You see, your gastrointestinal (GI) tract is an ecosystem of good and bad bacteria, amounting to one hundred trillion individual microorganisms. Ideally, the ratio of friendly to unfriendly bacteria should be 85 percent to 15 percent. Probiotics are the healthy bacteria and yeasts found in some foods and specialty supplements, which can help promote that balance. So, what else can probiotics do for you?

Fuel a Healthy Bowel

Probiotics work to digest some types of fiber and produce small fat molecules, known as short-chain fatty acids (SCFAs) as a byproduct. SCFAs are a primary source of fuel for the cells that line the bowel.

Help You Stay Well-nourished

Probiotics form a barrier on your intestine’s lining that protects against pathogens and toxins, while allowing all the goodness in your food to pass through and be absorbed by your body. Without this gut barrier, bad bacteria can set up shop, keeping nutrients out and allowing toxins and other enemies to enter your bloodstream.

Prevent Uncomfortable GI Issues and More

Once levels of good bacteria dip, the harmful type can take over and give off their own toxins. This might cause GI issues like bloating and constipation, as well as other concerns, such as eczema, fatigue, and joint pain. Some research indicates that an overgrowth of bad bacteria can sometimes lead to irritable bowel syndrome.

Promote a Healthy Immune System

The most effective immune system, of which the gut is a major part, is one that’s kept quiet until it’s truly needed to spring into action. Recent research on probiotics indicates that they decrease inflammation, a powerful force that can keep your body on high-alert unnecessarily — as well as contribute to a variety of health issues.

Help Fend Off Disease

Good bacteria have the ability to “talk” to each other and your immune system. In doing so, they can help turn on disease-fighting genes or suppress those that can cause us health troubles. For example, having a preponderance of good bacteria may combat harmful microorganisms and prevent genetic mutations that lead to colon cancer.

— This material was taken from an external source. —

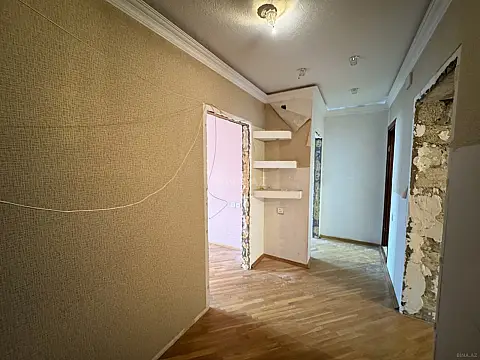 Satılır 3 otaqlı mənzil 85 m²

Do You Need More Probiotics

Chances are good that the answer is yes. Most people — even those consuming healthy diets — simply don’t get enough probiotics on their own and can benefit from more, especially if they have any inflammation. Though there are urine and stool tests that can check the balance of your bacteria, your doctor or nutritionist may recommend probiotics for you without ordering them; these tests are costly and typically not covered by insurance.

It’s generally safe to try increasing probiotics in your diet on your own, too. There are hundreds of types of probiotics, but the most common ones are lactobacillus and bifidobacterium. You can find one or both of these in fermented dairy products like kefir, yogurt, and soft cheeses (check labels to confirm), kombucha (a fermented tea), kimchi, miso, raw sauerkraut, and tempeh. Try including at least one in your diet on a daily basis.

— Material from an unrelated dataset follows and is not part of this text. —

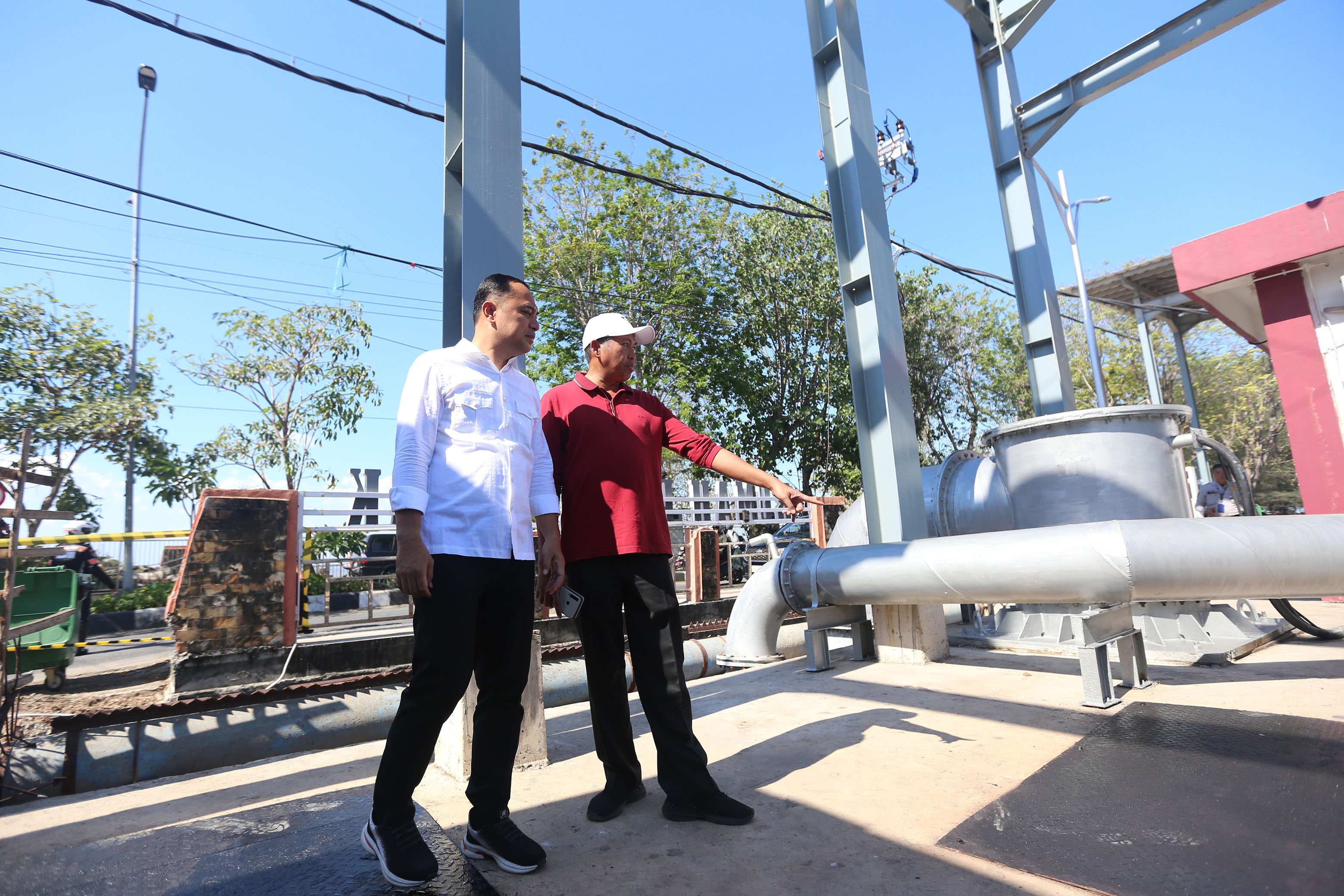 Wali Kota Surabaya Eri Cahyadi saar meninjau rumah pompa.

Another way to boost your levels of good bacteria is to eat foods containing prebiotics — a type of carbohydrate your good bacteria like to feed on for fuel. These are found in the fiber of plant foods. Asparagus, bananas, carrots, chicory, leeks, Jerusalem artichokes, most fruits, onions, shiitake mushrooms, tomatoes, and turmeric (the spice in curry) are great sources.

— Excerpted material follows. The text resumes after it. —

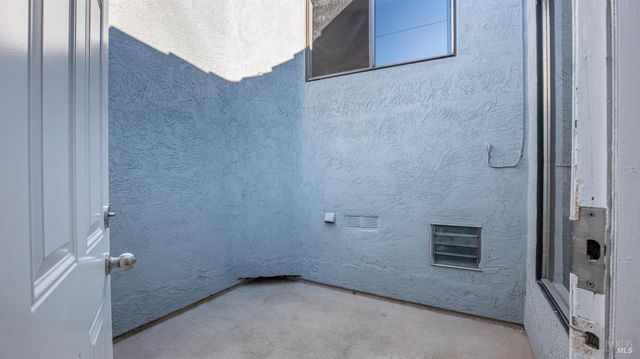 155 White Pine Dr, Vallejo, CA 94591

Despite making dietary changes, there’s often still a gap in most people’s diets, which supplements can help bridge. A broad-spectrum probiotic with 10 to 12 different species of bacteria is best, as is one with colony-forming units (CFUs) in the billions. Recommendations vary depending on your health status, so talk to an integrative physician or nutritionist about which brands, strains, and doses may be best for you.

Supplements are particularly useful while and after you take antibiotics, as they can help replace good bacteria that has been killed off and reduce the risk of antibiotic-related diarrhea. To ensure your supplement is most effective, take it at a different time than your medication. Continue the probiotic supplements for two months after finishing your course of antibiotics, or follow your doctor’s recommendation.